Work to complete
Range to copy from the entries below: the line containing "Habbolife on Minecraft 2012-110" through the line containing "сколько стоит Перевоз", inclusive. Retype only those lines, exactly, without any images.

Records provided
▶
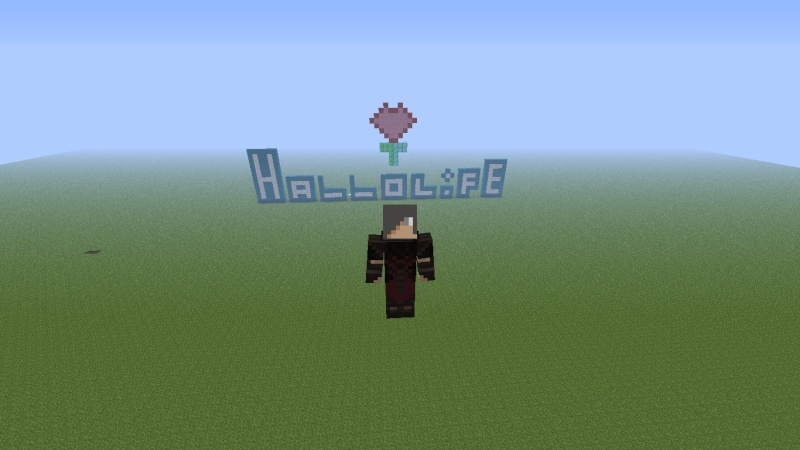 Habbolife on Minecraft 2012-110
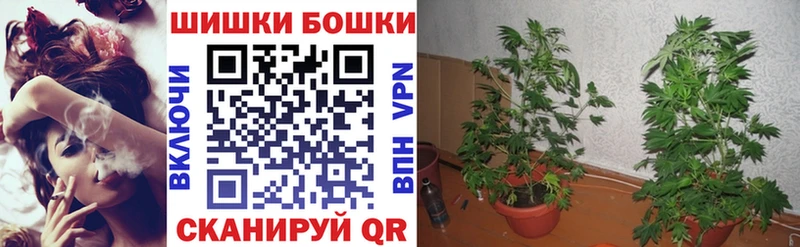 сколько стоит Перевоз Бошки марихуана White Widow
◀
▶
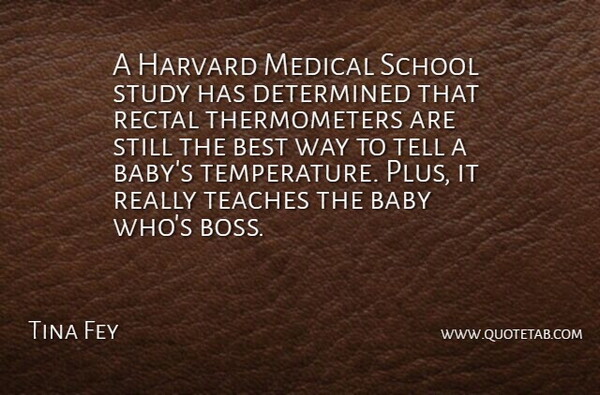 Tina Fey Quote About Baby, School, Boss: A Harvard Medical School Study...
◀
Solution for this problem
 Habbolife on Minecraft 2012-110
 сколько стоит Перевоз Бошки марихуана White Widow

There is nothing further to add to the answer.